I’ve just been looking at REST as well and am about to try it out. One
shortfall I can see is that it uses client-side javascript. This means
any clients that can/will not run javascript can not use a RESTful rails
app. Or have I got this wrong?

It is true that a web browser that doesn’t or won’t support javascript
will not be able to use an interface that is reliant on REST. That
particular use of REST is just the tip of the iceberg; the more
interesting use cases are things happening behind the interface, where
javascript doesn’t really matter.

g.

Jesse C. wrote:

The links generated by passing :method => :delete to link_to uses
javascript in the resulting link’s onclick attribute to create a form
containing a hidden field with name=’_method’ and value=‘delete’ but the
link the form is attached to also has an href attribute that normally
links to the ‘show’ action for the resource in question so, I believe in
this case it would be safe from prefetching.

But that is good to know in the case where one might be manually adding
a _method=delete parameter to their links.

Hi all,

Sorry for interrupting in your discussion…Iam facing one problem
in REST.
I am using REST for my api…so if user hits the http link in browser i
do some
validation and some process and i want to show them in xml output…
so output should be
<description

your mail sent successfully


if i use responds_to
in my controller i dont know how to show the above result…if any one
knows help me

Jesse C. wrote:

I think he might have been referring to Rails’ implementation of REST
which AFAIK relies on javascript to set http methods on links for
methods other than :get.

-jc

I am indeed referring to this. See
http://www.b-simple.de/documents/download/6 where it says in para 1.8.3
that Rails generates Javascript to handle the DELETE request. This
generates a hidden field called “_method” that contains the HTTP verb.

So, I suppose to handle DELETEs where Javascript is not there, you’d
have to manually add this hidden field in your HTML.

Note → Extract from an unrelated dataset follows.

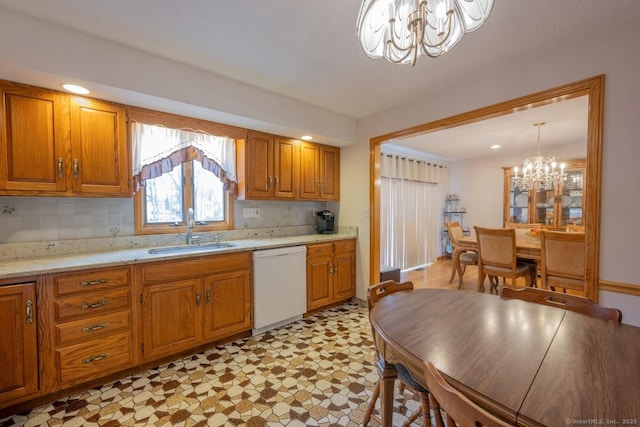 kitchen with sink, an inviting chandelier, white dishwasher, tasteful backsplash, and decorative light fixtures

Jim - My take: I recommend trying the REST route. It’s useful even if
not doing XML or APIs. REST is a way of thinking about the design of
your application. It will make you think more tactically about how to
build a well designed app. And though it may feel constrained and
more difficult to design, I’ve found that working with a limited set
of “verbs” makes the resultant designs easier to understand and the
code easier to maintain and test. You end up with nice, small,
simple pieces of code that are each easy to understand and are solid
at doing their one thing well. New programmers looking at your code
(or you revisiting it later) find things right where you expect them
to be in a well-packaged, predictable manner. Take a look through the
Beast Forum source code (http://svn.techno-weenie.net/projects/beast/)
to see how nice a REST-ful approach can look. Also see:
http://www.therailsway.com/2007/2/13/signout-part-1 for notes from
Jamis B. on “Why REST?”. Try the REST-ful approach and I think
you’ll find that Jamis’s preference for REST is well founded.